Durante audiência convocada por ele, Dino ressaltou a importância da responsabilidade no uso do dinheiro público e frisou que o debate sobre emendas impositivas cabe ao Congresso e ao STF, conforme a Constituição.
Discussão sobre emendas no STF
O Supremo Tribunal Federal está analisando ações que questionam as regras para o pagamento das chamadas emendas parlamentares. O relator, ministro Flávio Dino, declarou que a Corte não está invadindo atribuições de outros Poderes, mas sim cumprindo seu papel de harmonizar normas constitucionais. Segundo Dino, “se temos normas constitucionais em dissonância, a harmonização é atividade tipicamente jurisdicional”.
O ministro enfatizou que o debate não se restringe a interesses de partidos ou de um governo, mas é uma questão recorrente desde os mandatos de Dilma Rousseff, Michel Temer, Jair Bolsonaro e Lula. Dino afirmou: “Não estamos tratando de um tema de interesse de um governo”.
Durante a audiência, Dino lembrou que a responsabilidade sobre o dinheiro público é fundamental e advertiu que, se as emendas não forem ajustadas à sua finalidade, “a conta será paga pelo povo”.

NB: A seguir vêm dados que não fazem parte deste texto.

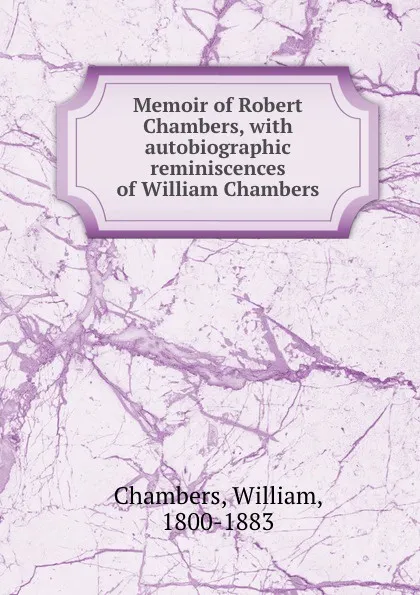 Обложка книги Memoir of Robert Chambers, with autobiographic reminiscences of William Chambers, William Chambers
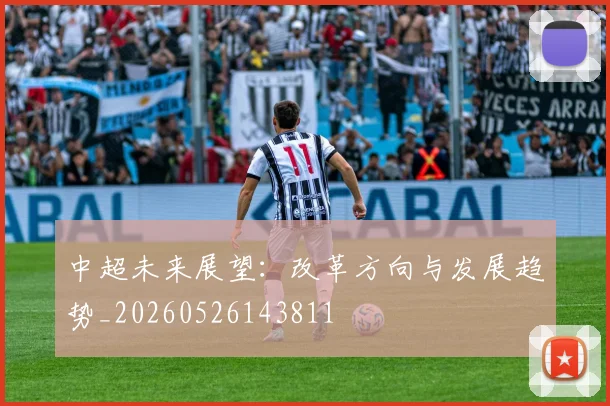 中超未来展望：改革方向与发展趋势_20260526143811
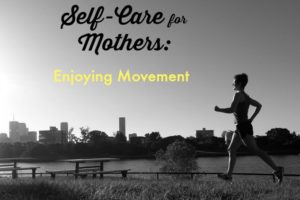 Self-Care for Mothers: Enjoying Movement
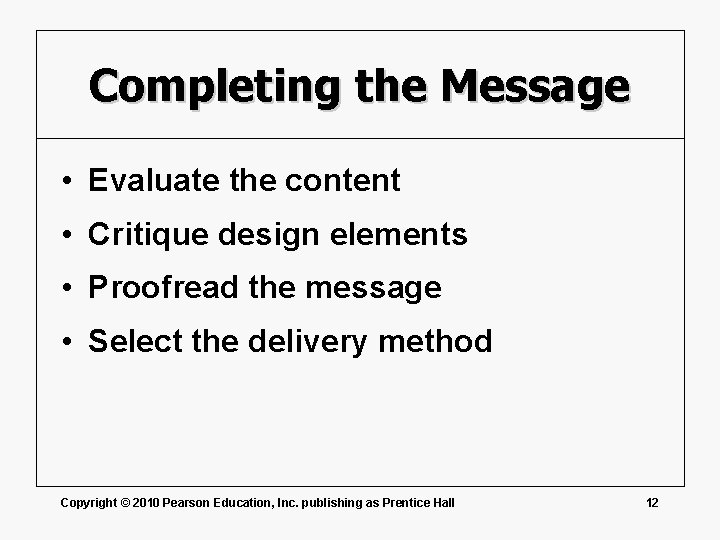 Completing the Message • Evaluate the content • Critique design elements • Proofread the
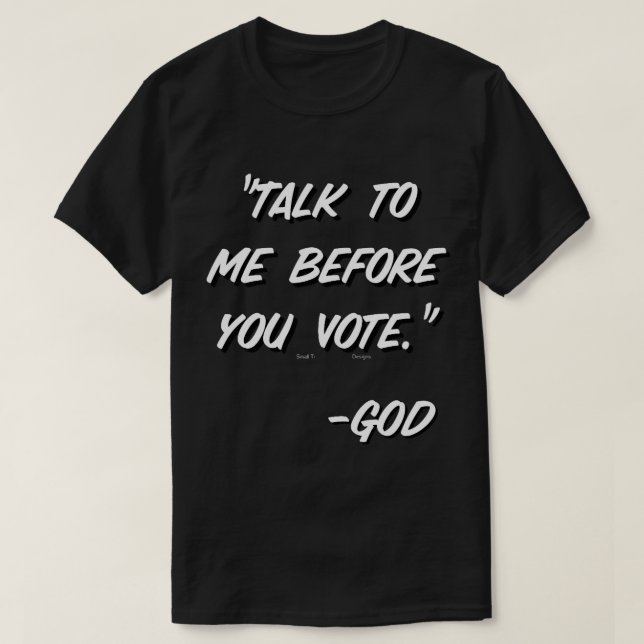 Konservative, Christliche Wähler - das Konzept T-Shirt (Design vorne)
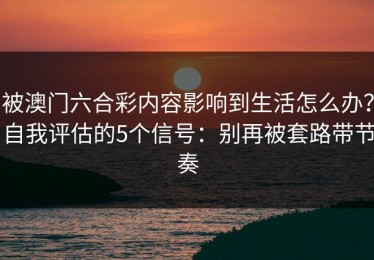 被澳门六合彩内容影响到生活怎么办？自我评估的5个信号：别再被套路带节奏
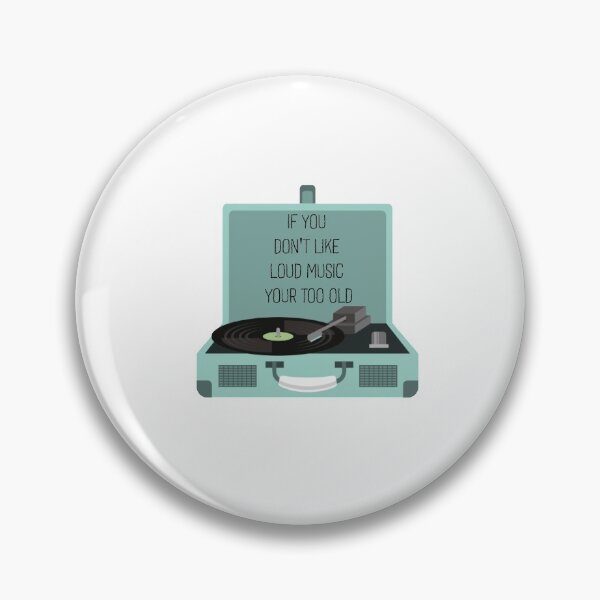 Item preview, IF YOU  DON'T LIKE  LOUD MUSIC YOUR TOO OLD  designed and sold by DiscoVibes.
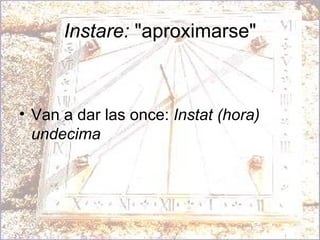 Instare:  "aproximarse" Van a dar las once:  Instat (hora) undecima  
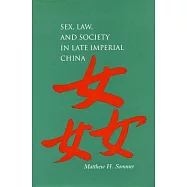 Sex, Law, and Society in Late Imperial China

Mudanças recentes e contexto político
Nos últimos anos, o Congresso alterou a Constituição para tornar impositivas as emendas individuais e de bancada. Esses recursos, destinados por deputados e senadores a seus redutos eleitorais, passaram a representar parcela crescente do Orçamento federal. Para 2025, cerca de R$ 50 bilhões estão reservados para emendas, sendo R$ 39 bilhões de execução obrigatória.
Decisões do STF já forçaram o Congresso a ajustar regras de pagamento dessas verbas. No entanto, parlamentares têm criticado a atuação da Corte e manifestado insatisfação com o que consideram avanços sobre prerrogativas do Legislativo.
Reações e desfecho recente
Os presidentes da Câmara, Hugo Motta (Republicanos-PB), e do Senado, Davi Alcolumbre (União-AP), estavam previstos para participar da audiência, com o objetivo de defender as indicações parlamentares ao Orçamento, mas desistiram de comparecer.
Em 2024, o pagamento das emendas ficou suspenso por meses devido a decisões do STF, que exigia mecanismos para identificar os autores das indicações. O impasse foi resolvido em março, quando os ministros do Supremo aprovaram por unanimidade um plano de trabalho que determina que, a partir de 2025, todas as emendas só poderão ser executadas com a identificação do parlamentar responsável.
Nos bastidores, a atuação do STF segue sendo alvo de críticas entre congressistas, que reagem às mudanças nas regras e à maior transparência exigida pela Corte.